Surprisingly, about the only person to emerge from Boulton’s book with any dignity at all is Patty’s father, Randolph Heart (the fourth son of William Randolph Hearst). Following his daughter’s kidnapping, Hearst went to great lengths to arrange meetings with representatives of organisations affiliated with the SLA, and announced, apparently in earnest, that his view of the world had been changed as a result of these discussions. He implemented the SLA’s demands for a vast public food programme about as well as he could within the prohibitive timeframe and guidelines the kidnappers had outlined, eventually sinking so much money into it that the solvency of his business empire was put in jeopardy, and he enraged the editorial staff of his newspapers by ordering them to re-print the SLA’s monotonous tracts in full, as they had demanded.

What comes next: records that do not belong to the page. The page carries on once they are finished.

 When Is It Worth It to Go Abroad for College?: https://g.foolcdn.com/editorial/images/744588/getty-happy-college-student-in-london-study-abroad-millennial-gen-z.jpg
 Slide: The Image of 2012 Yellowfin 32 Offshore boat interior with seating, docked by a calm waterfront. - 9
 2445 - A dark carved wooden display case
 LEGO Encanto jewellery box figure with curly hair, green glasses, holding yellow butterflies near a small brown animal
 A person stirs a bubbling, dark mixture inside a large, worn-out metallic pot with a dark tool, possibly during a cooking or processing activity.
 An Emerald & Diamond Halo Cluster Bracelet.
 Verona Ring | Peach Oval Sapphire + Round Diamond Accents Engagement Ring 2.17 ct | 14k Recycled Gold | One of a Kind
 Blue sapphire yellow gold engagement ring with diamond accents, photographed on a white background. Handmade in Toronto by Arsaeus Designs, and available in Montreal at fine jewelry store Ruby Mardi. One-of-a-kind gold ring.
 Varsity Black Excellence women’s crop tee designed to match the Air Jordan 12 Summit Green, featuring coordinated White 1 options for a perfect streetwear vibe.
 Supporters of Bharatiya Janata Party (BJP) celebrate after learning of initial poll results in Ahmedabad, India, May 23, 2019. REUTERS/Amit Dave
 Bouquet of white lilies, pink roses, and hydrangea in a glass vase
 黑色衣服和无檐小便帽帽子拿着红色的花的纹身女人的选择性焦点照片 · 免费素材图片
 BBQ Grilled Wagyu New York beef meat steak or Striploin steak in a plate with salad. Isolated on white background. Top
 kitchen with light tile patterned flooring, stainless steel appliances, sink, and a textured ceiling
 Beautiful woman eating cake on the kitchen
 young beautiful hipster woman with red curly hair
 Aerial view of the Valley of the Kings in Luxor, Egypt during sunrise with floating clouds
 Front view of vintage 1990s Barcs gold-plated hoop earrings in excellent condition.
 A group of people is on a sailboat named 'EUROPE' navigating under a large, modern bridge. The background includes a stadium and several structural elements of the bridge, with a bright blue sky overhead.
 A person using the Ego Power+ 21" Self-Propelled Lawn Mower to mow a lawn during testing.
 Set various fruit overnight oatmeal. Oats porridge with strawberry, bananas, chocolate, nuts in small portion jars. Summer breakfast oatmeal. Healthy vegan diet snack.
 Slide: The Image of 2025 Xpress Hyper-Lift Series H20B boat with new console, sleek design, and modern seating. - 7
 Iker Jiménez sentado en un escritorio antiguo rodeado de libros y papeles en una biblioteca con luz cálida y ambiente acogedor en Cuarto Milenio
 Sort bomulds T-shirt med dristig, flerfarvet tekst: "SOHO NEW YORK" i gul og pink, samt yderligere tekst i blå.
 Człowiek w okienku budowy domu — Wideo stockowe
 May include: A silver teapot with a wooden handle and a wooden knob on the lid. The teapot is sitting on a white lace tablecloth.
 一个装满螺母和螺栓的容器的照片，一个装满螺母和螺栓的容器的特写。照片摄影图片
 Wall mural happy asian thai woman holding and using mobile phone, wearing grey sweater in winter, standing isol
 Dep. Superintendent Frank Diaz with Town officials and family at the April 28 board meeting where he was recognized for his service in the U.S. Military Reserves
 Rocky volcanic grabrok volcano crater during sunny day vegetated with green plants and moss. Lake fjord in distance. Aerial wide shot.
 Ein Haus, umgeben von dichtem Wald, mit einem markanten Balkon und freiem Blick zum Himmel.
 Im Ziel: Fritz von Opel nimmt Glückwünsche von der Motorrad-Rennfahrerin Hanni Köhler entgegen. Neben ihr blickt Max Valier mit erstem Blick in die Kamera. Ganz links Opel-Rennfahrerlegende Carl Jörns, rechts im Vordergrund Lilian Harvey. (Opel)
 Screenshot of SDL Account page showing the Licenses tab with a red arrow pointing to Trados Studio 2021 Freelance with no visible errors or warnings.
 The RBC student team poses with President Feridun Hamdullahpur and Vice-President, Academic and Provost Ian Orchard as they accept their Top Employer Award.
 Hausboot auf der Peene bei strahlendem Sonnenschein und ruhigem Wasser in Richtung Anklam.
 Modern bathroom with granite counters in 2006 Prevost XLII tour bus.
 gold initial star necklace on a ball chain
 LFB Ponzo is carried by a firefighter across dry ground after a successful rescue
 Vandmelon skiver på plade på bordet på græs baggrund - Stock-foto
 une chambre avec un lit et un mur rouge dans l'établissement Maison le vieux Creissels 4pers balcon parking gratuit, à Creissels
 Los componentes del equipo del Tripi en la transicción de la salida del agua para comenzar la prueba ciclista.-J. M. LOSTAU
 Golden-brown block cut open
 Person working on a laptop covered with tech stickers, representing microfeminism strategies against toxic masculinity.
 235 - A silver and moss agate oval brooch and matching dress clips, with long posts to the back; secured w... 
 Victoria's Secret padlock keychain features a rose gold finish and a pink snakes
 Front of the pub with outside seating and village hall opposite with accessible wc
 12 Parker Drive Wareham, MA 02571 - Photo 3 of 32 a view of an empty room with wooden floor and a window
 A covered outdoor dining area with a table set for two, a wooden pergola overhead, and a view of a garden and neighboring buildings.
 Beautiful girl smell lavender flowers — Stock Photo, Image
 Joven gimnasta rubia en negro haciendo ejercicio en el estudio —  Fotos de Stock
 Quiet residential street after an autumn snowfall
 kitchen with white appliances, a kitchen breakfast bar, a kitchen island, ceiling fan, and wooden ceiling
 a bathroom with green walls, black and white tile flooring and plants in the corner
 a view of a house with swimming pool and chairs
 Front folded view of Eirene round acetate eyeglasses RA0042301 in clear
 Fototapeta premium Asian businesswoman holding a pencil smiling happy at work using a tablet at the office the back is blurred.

For these efforts, Hearst received nothing but abuse from all quarters, including from his own daughter. Given his impossible situation, one can hardly blame him for effectively washing his hands of Patty’s fate following the Compton blood-bath, and withdrawing from the public eye insofar as was possible. For this of course, he received yet more abuse – all of which leaves me feeling rather sorry for the poor guy, regardless of his nominally unsympathetic status as the multi-millionaire son of a notorious tyrant.

All of which, I realise, tells you very little about the aesthetic or editorial policy of New English Library, which is what I instigated this series of posts in order to discuss. But what can I say – as an example of no nonsense, long form journalism, ‘The Making of Tania’ proved an unexpectedly engaging read, blowing the dust off a series of now-historical events that I was broadly aware of, but had never really taken the time to read up on in this level of detail.

I hope I won’t need to derail this weblog into factual/, ‘true crime’ territory too often – rest assured, no icky serial killer fascination is forthcoming - but, like the Manson murders a few years earlier, the Hearst/SLA saga is a tale that has entirely transcended it’s historical context, becoming a key ingredient in the stew of the crazy culture that BITR exists to celebrate, and as such I find that freshening up my knowledge of the genuine article every now and then proves quite rewarding.